» Records for this task

----

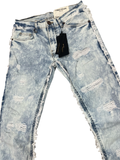 FWRD DENIM STACKED ICE BLUE DISTRESSED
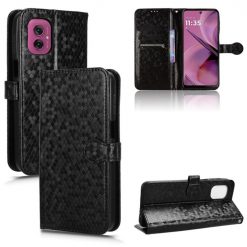 Lacné Kryty | Peňaženkové puzdro Honeycomb Dot Texture Case čierne – Motorola Moto G55 5G | Lacné Kryty
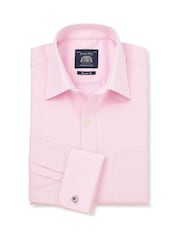 قميص رسمي من القطن بتلبيس كلاسيكي وخيوط نسيج متعاكسة وأساور مزدوجة من Savile Row Company - Image 1 of 3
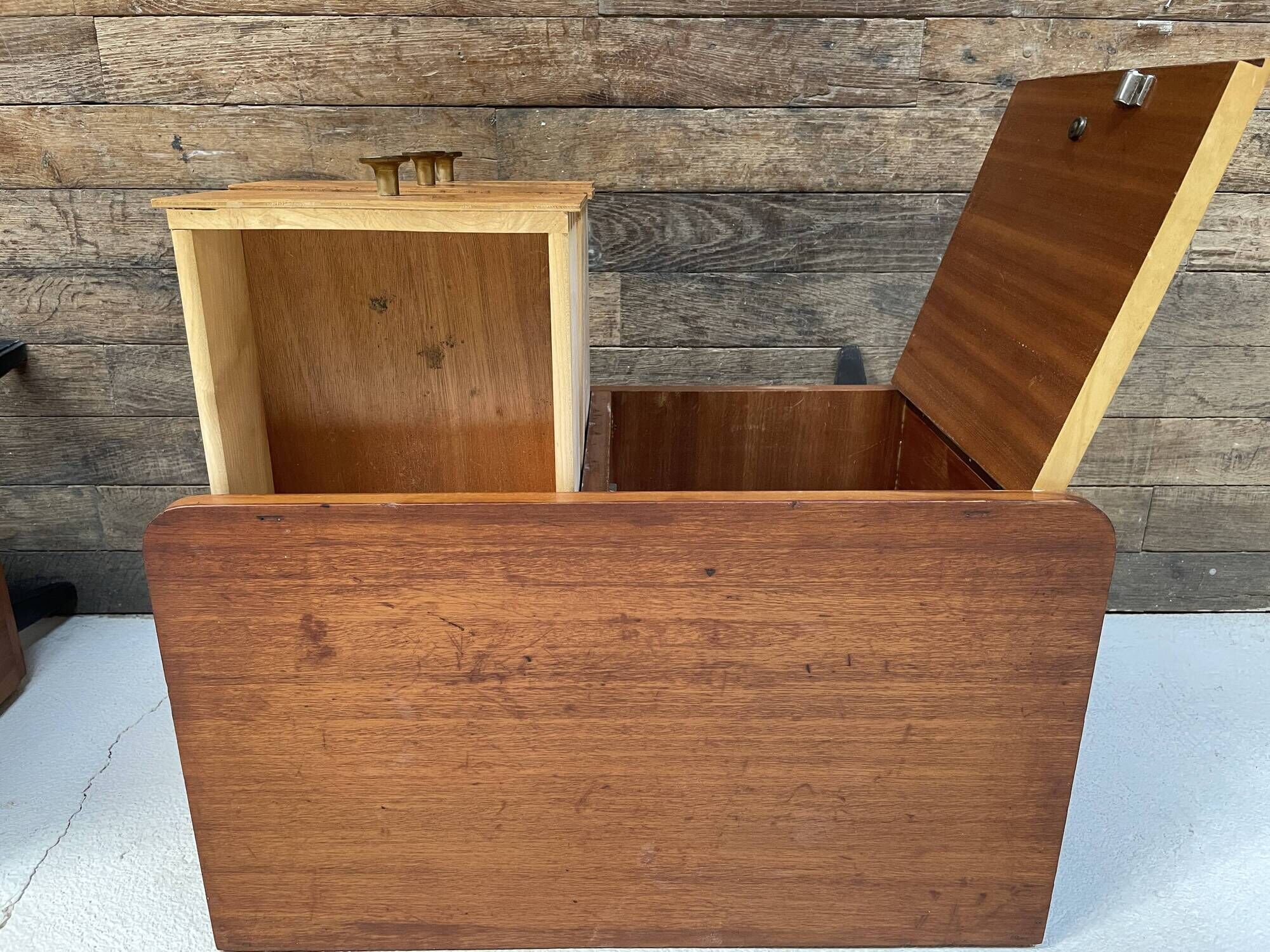 Pair of night table feet compass bedside end of vintage sofa old 1950 1960 retro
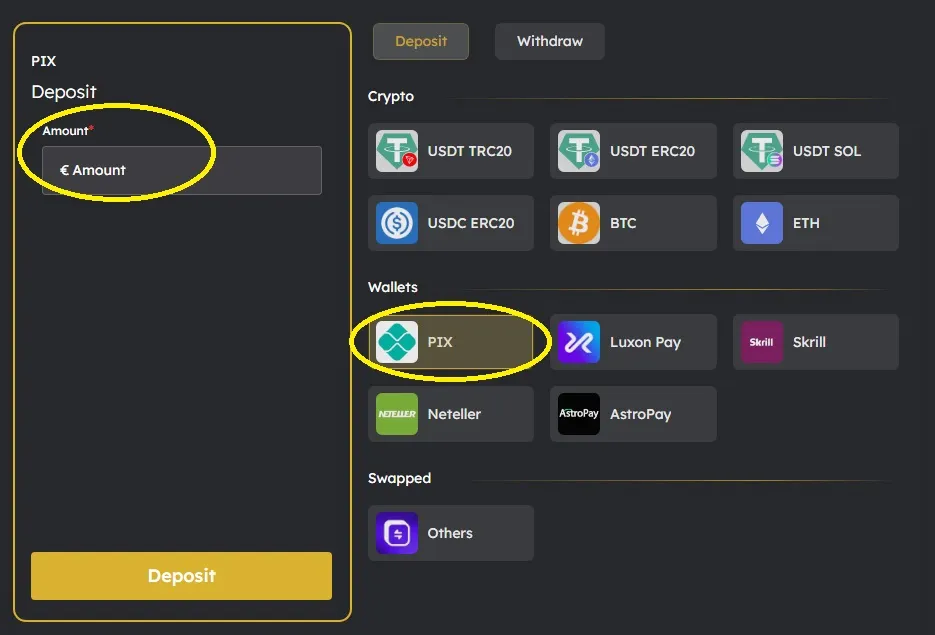 deposito pix championpoker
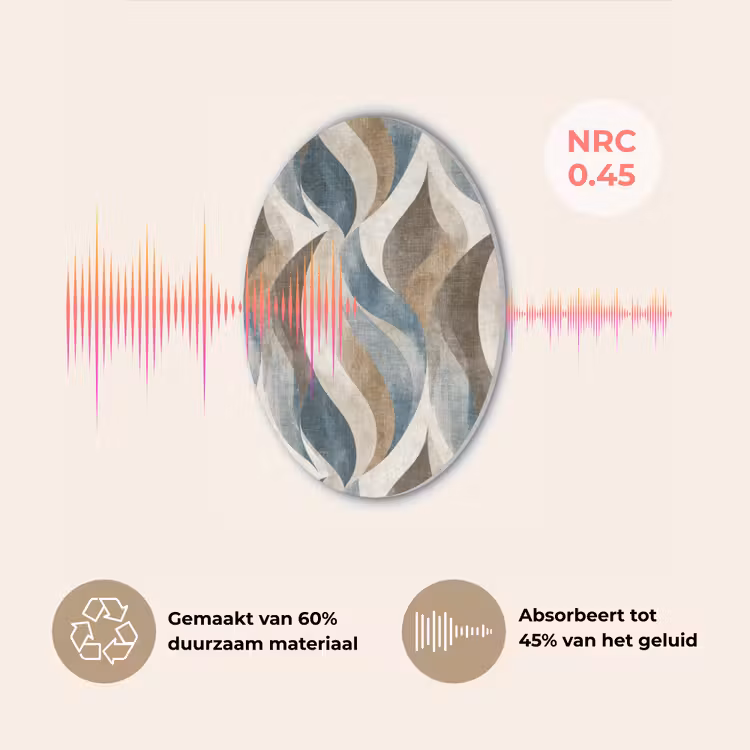 Abstract - Golven - Kleurrijk Akoestische PET Vilt - Rond klein 838 -USP_NL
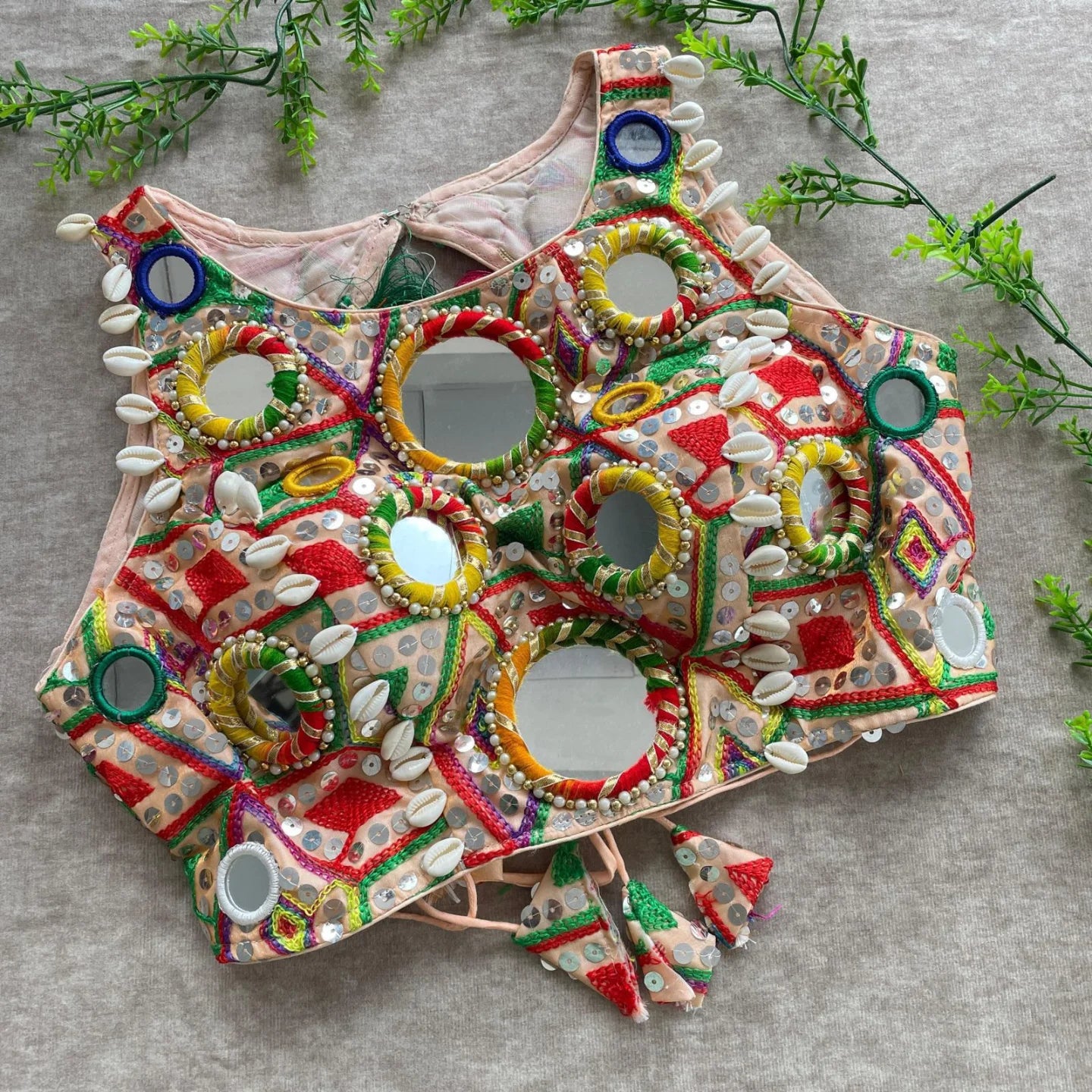 Real Mirror & Kaudi Work Silk Blouse – Navratri Special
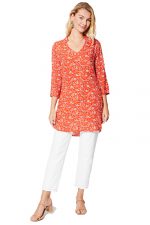 Blouse longue orange à fleurs - CHIPV0002D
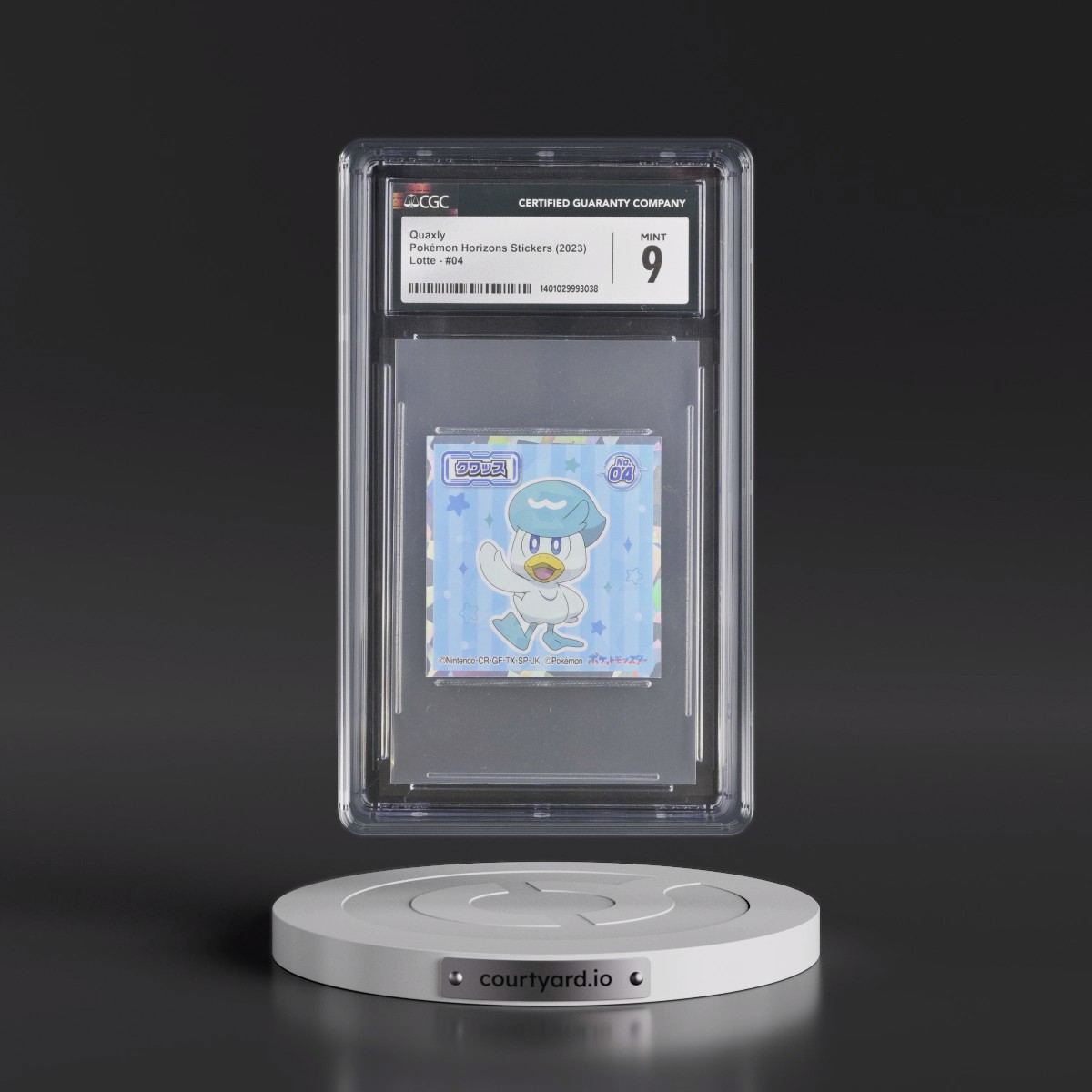 2022 Pokémon Horizons Stickers (2023 Lotte) - Japanese #04 Quaxly - (Blue to red logo BR, Split circle around # TR) (CGC 9 MINT)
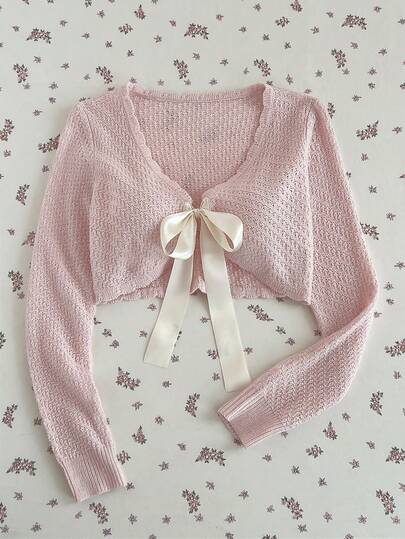 Elamini Women's Light Pink Cute Cardigan, Sexy Tie Front Casual Daily Commute Sun Protection Top, Elegant Vacation Stylish Sweater, Spring Summer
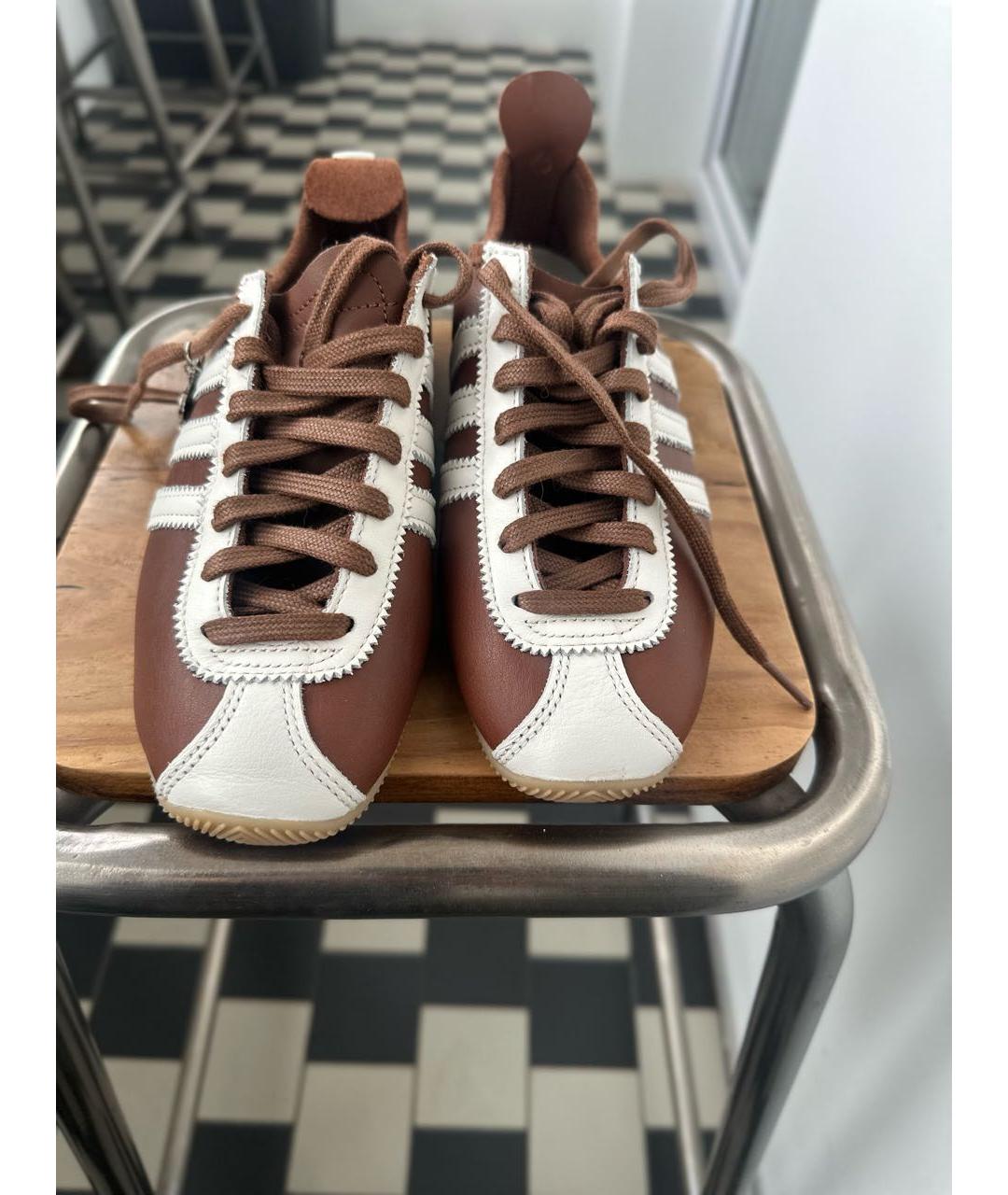 ADIDAS Коричневые кожаные кеды, фото 2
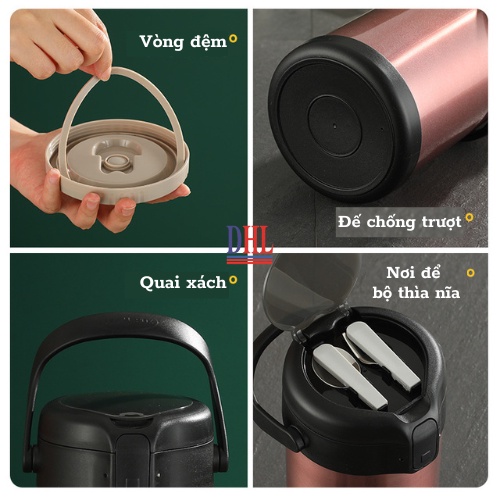 Hộp Đựng Cơm Văn Phòng Giữ Nhiệt, Lồng cơm giữ nhiệt LUNCH BOX Inox 304 Cao Cấp Không Gỉ Dung Tích 2200ml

----

» Exercise prompt
Nothing but the pictures may be dropped; restate the material word for word.

» Answer space
 FWRD DENIM STACKED ICE BLUE DISTRESSED
 Lacné Kryty | Peňaženkové puzdro Honeycomb Dot Texture Case čierne – Motorola Moto G55 5G | Lacné Kryty
 قميص رسمي من القطن بتلبيس كلاسيكي وخيوط نسيج متعاكسة وأساور مزدوجة من Savile Row Company - Image 1 of 3
 Pair of night table feet compass bedside end of vintage sofa old 1950 1960 retro
 deposito pix championpoker
 Abstract - Golven - Kleurrijk Akoestische PET Vilt - Rond klein 838 -USP_NL
 Real Mirror & Kaudi Work Silk Blouse – Navratri Special
 Blouse longue orange à fleurs - CHIPV0002D
 2022 Pokémon Horizons Stickers (2023 Lotte) - Japanese #04 Quaxly - (Blue to red logo BR, Split circle around # TR) (CGC 9 MINT)
 Elamini Women's Light Pink Cute Cardigan, Sexy Tie Front Casual Daily Commute Sun Protection Top, Elegant Vacation Stylish Sweater, Spring Summer
 ADIDAS Коричневые кожаные кеды, фото 2
 Hộp Đựng Cơm Văn Phòng Giữ Nhiệt, Lồng cơm giữ nhiệt LUNCH BOX Inox 304 Cao Cấp Không Gỉ Dung Tích 2200ml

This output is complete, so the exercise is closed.